Pictures with short captions

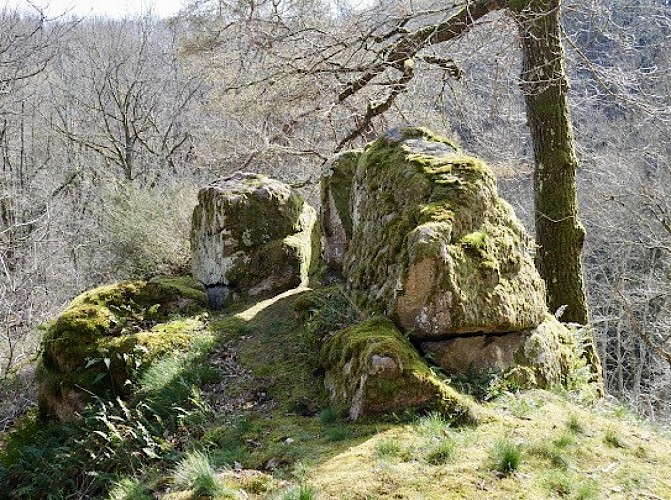 PARC DU CHÂTEAU D'ORBIGNY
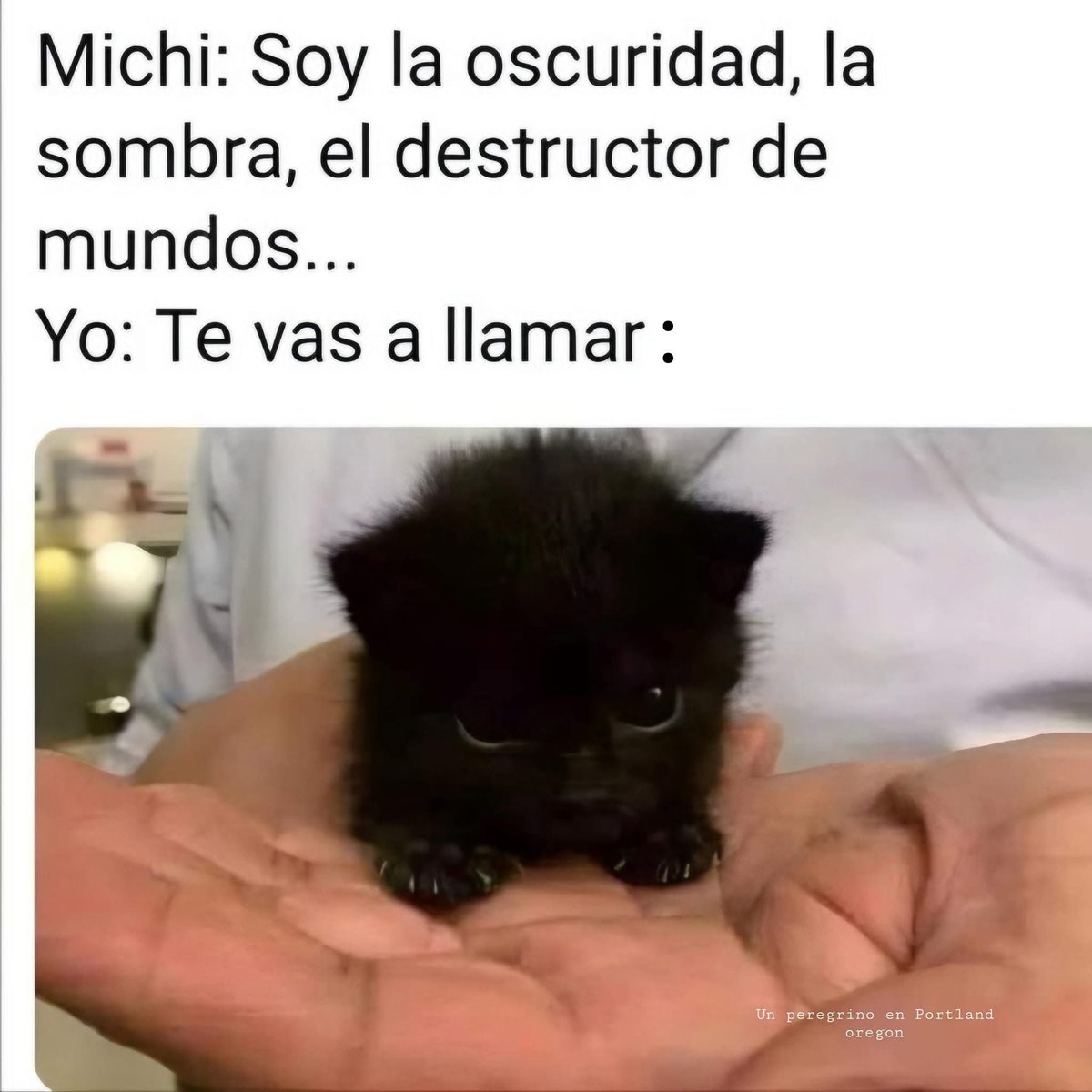 El Meme tweet media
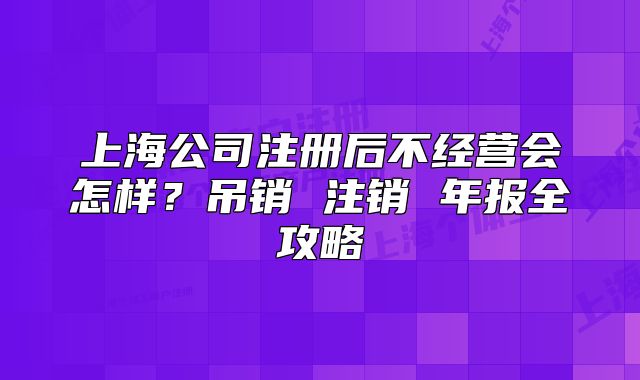 上海公司注册后不经营会怎样?吊销 注销 年报全攻略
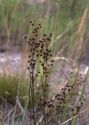 Juncus alpino-articulatus Chaix attēls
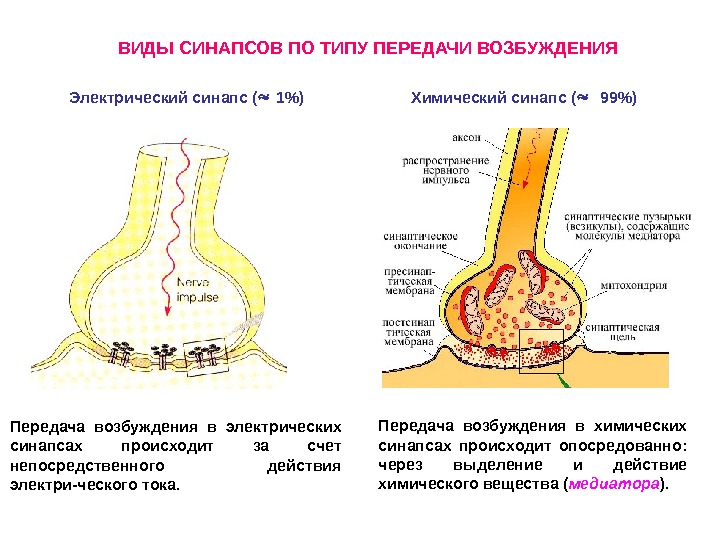 На рисунке ниже изображена схема передачи потенциала действия в миелинизированном нервном волокне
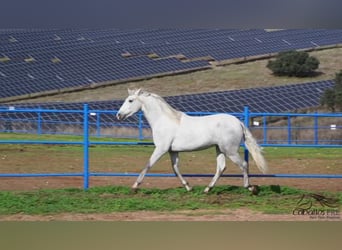 PRE Croisé, Étalon, 3 Ans, Gris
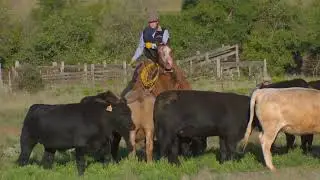 Cow-Calf Corner - Aug. 24, 2024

ABOUT THIS TASK: Omit the pictures; restate every entry word for word.

SOLUTION FOR THIS TASK:
 PARC DU CHÂTEAU D'ORBIGNY
 El Meme tweet media
 上海公司注册后不经营会怎样?吊销 注销 年报全攻略
 Juncus alpino-articulatus Chaix attēls
 На рисунке ниже изображена схема передачи потенциала действия в миелинизированном нервном волокне
 PRE Croisé, Étalon, 3 Ans, Gris
 Cow-Calf Corner - Aug. 24, 2024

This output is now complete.